Start of PROVIDED ENTRIES
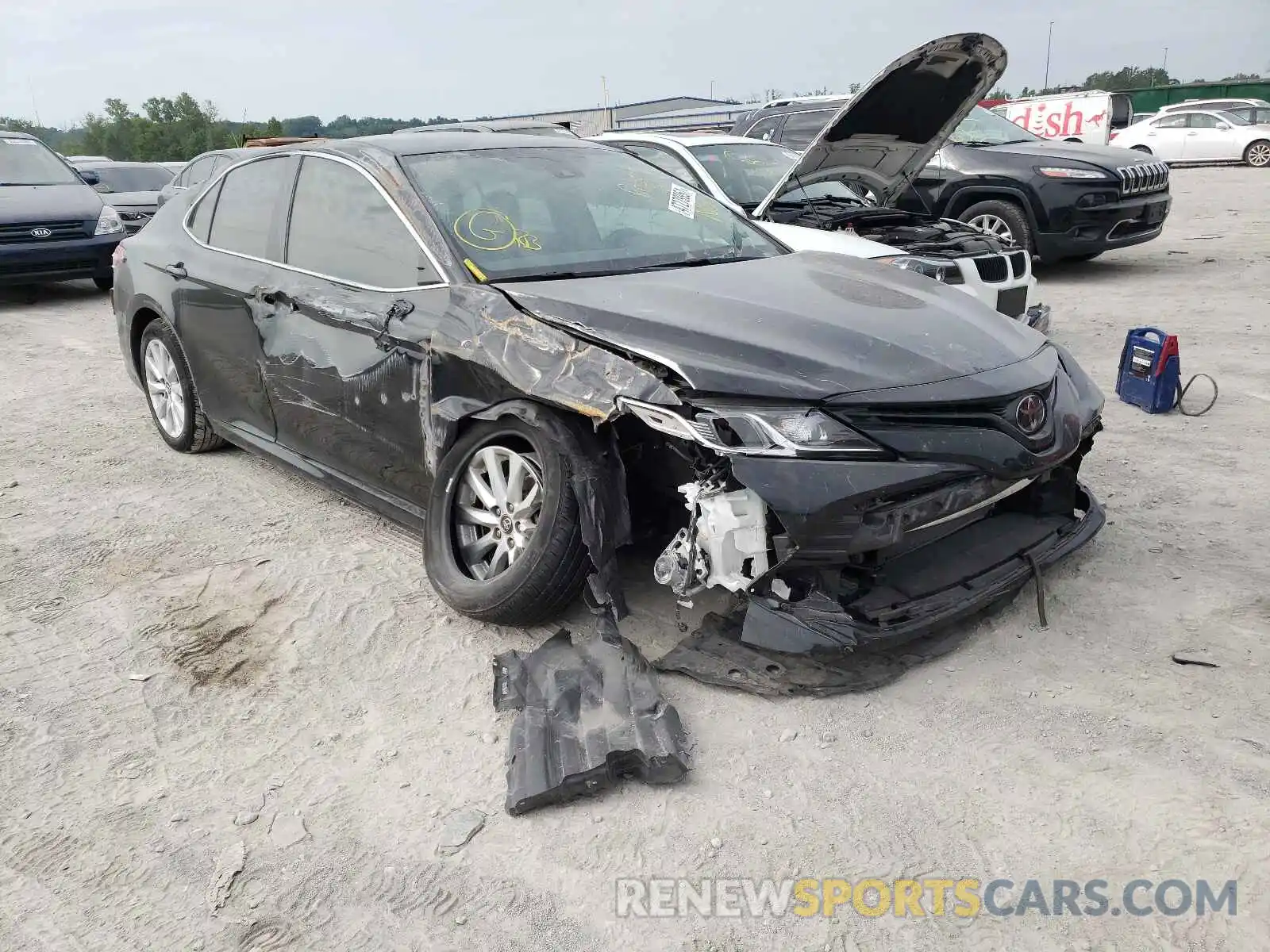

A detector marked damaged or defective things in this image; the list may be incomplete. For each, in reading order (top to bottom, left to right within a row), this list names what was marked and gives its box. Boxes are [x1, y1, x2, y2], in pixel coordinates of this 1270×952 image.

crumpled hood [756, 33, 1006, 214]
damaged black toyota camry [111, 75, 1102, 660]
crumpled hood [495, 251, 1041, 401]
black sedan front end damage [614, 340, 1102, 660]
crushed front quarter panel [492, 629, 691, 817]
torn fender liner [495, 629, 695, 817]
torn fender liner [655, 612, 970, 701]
End of PROVIDED ENTRIES
## EXERCISE INSTRUCTIONS
Each entry above should be written out again exactly, without its pictures.

## RESPONSE BOX
A detector marked damaged or defective things in this image; the list may be incomplete. For each, in reading order (top to bottom, left to right within a row), this list names what was marked and gives its box. Boxes are [x1, y1, x2, y2], in pixel coordinates of this 1270×952 image.

crumpled hood [756, 33, 1006, 214]
damaged black toyota camry [111, 75, 1102, 660]
crumpled hood [495, 251, 1041, 401]
black sedan front end damage [614, 340, 1102, 660]
crushed front quarter panel [492, 629, 691, 817]
torn fender liner [495, 629, 695, 817]
torn fender liner [655, 612, 970, 701]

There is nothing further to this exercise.